Simplesmente ignorou-se. Seguiu andando, por mais falhos que seus passos já se mostravam ser. E deixou cair a lata vazia em seus pés enquanto ouvia-o, sentia-o e desfocadamente via seus vultos
-3.
Nem esperou qualquer sentimento lhe atingir. Ele queria se distrair daquele pontilhão de medo, por onde começava a pisar. E por sua goela virou completamente o líquido âmbar. Seu nariz começou a formigar. Seus olhos embaçados pelas lágrimas recentes que apareceram sem qualquer cerimônia. A bebida o levaria, talvez, para qualquer lugar.
-4.
Incapaz. Ele estava incapaz de continuar. Seu pé esquerdo qual antes já doía parecia não aguentar qualquer contato com o chão. A dor fazia Jimin se contrair e gemer alto. Havia sido uma queda interessante. Pisou e seu pé falhou. Ele tombou para frente, caindo de encontro com o chão. Podia sentir sua testa latejar. Podia sentir seu corpo num formigamento lento. Podia sentir o gosto de terra e de ferrugem em sua boca. Seus lábios ardiam, assim como suas retinas, assim como seu joelho, assim como a ponta bonitinha de seu nariz. Podia ver as outras 2 latinhas da sacola rolarem para longe. Sentiu sua realidade escorrer de seus olhos.
Lhe haviam tomado tudo.
A felicidade, sua resistência, suas lágrimas, sua vida, sua sobrevivência, sua quarta lata pela metade, suas duas latas não abertas, sua lucidez, sua vontade, seus desejos, sua história, seu futuro, seus sonhos, seu Jeon Jungkook.

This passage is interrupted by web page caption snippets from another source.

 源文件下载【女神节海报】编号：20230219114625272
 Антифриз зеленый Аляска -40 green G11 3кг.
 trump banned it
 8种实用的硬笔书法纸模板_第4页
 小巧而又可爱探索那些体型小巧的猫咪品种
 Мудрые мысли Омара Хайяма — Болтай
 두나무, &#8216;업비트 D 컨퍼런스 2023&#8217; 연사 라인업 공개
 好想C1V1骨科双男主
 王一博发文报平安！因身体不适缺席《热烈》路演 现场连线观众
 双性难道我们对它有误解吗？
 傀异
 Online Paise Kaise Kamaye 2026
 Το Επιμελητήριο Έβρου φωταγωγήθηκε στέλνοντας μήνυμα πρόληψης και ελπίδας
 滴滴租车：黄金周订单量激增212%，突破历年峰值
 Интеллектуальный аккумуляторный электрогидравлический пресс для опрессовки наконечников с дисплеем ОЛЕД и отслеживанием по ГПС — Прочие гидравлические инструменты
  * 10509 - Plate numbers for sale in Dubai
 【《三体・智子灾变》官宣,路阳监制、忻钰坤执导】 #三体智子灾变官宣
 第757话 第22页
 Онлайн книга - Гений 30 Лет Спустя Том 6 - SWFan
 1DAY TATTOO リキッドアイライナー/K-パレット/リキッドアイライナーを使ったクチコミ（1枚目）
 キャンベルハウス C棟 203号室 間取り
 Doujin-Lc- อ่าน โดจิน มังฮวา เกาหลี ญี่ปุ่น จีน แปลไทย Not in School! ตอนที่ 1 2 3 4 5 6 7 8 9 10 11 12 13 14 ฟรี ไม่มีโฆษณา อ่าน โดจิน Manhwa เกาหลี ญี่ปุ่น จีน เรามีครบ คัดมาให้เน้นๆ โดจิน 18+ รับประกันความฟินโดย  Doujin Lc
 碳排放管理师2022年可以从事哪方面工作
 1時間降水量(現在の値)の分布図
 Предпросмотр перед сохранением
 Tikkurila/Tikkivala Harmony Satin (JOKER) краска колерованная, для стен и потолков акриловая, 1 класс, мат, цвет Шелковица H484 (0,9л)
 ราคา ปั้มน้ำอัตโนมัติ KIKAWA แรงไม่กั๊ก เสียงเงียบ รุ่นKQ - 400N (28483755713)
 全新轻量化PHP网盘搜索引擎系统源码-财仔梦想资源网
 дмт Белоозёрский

Mesmo que desde o início ele soubesse que esse último era efêmero. Jimin havia sido avisado sobre isso. Mas não escutou, ou se esqueceu sobre aquele detalhe. Ele não queria ter esquecido. Ele não deveria ter esquecido.
Mas agora, mesmo afirmando variadas coisas, continua a dizer que seu único desejo é esquecer.